> [What is expected]
Word for word, repeat the entries, minus the pictures.

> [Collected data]
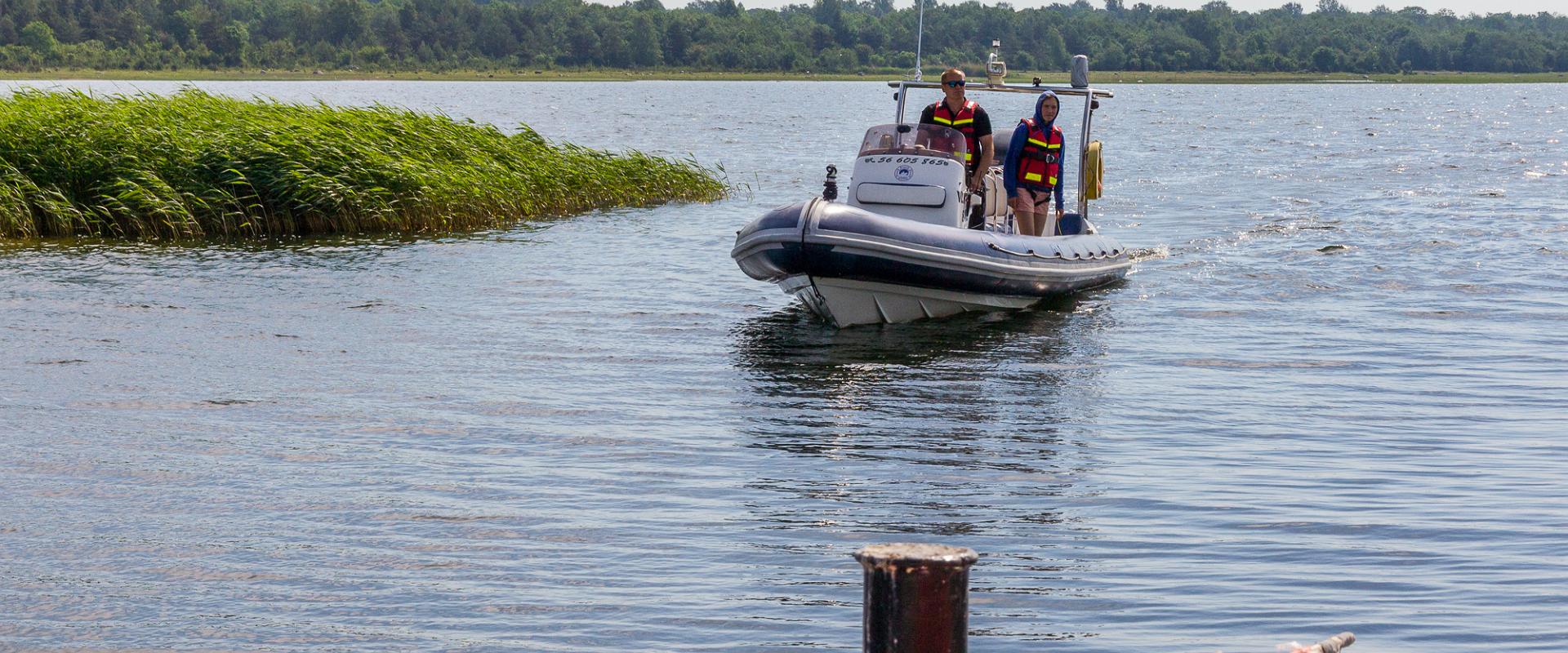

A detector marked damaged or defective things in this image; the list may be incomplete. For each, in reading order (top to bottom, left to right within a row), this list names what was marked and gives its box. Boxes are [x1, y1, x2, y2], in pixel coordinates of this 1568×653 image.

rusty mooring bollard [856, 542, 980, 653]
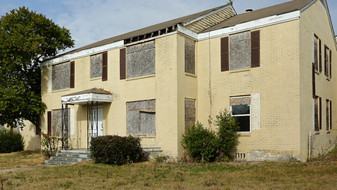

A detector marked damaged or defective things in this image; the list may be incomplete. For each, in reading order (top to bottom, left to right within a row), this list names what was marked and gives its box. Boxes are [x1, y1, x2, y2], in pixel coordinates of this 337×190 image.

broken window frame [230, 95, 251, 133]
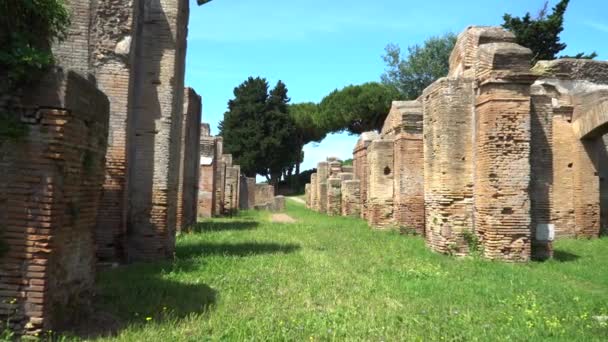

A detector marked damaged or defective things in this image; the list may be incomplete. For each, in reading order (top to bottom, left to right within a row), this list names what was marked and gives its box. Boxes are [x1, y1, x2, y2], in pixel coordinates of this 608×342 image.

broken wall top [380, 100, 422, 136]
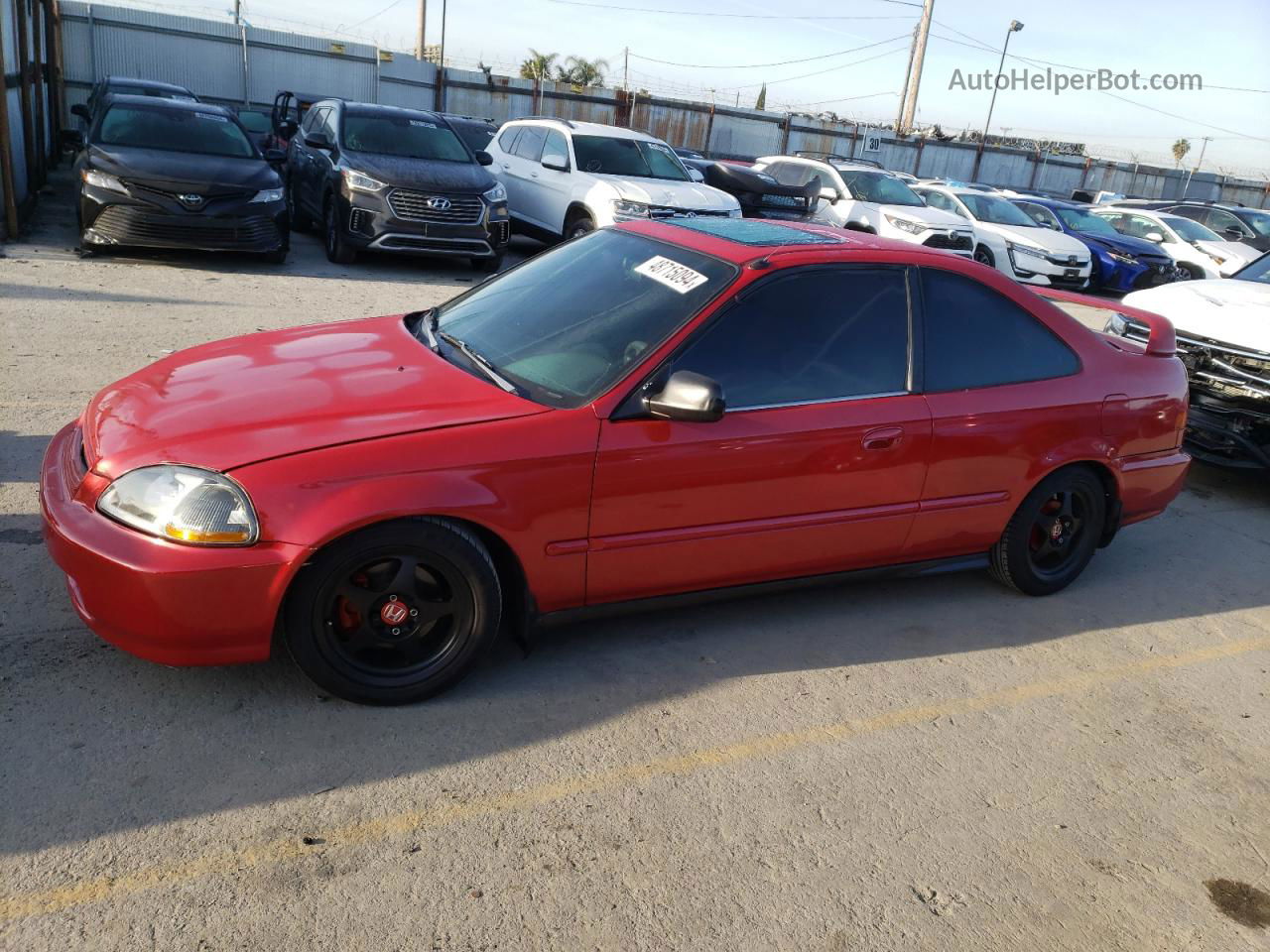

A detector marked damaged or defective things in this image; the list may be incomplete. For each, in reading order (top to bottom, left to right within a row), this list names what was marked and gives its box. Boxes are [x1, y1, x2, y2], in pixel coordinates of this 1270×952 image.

> [Task output]
A detector marked damaged or defective things in this image; the list may be incomplete. For each, in reading order (top to bottom, left to right within a row), this list names what was marked and gives its box. Boxes are [x1, y1, x2, y2], in pixel coordinates of this 1568×653 image.

rusty mooring bollard [856, 542, 980, 653]

A detector marked damaged or defective things in this image; the list may be incomplete. For each, in reading order (top to bottom, left to right within a row), this list names what was marked and gives its box. Boxes are [x1, y1, x2, y2], in pixel coordinates of this 337×190 image.

broken window frame [230, 95, 251, 133]

A detector marked damaged or defective things in this image; the list may be incomplete. For each, in reading order (top to bottom, left to right within a row), this list names what was marked and gives its box. Boxes are [x1, y1, x2, y2], in pixel coordinates of this 608×342 image.

broken wall top [380, 100, 422, 136]

A detector marked damaged or defective things in this image; the list may be incomplete. For each, in reading order (top to bottom, left to right within a row), this list names what was marked and gives its box. Boxes are [x1, y1, x2, y2], in pixel coordinates of this 1270×952 image.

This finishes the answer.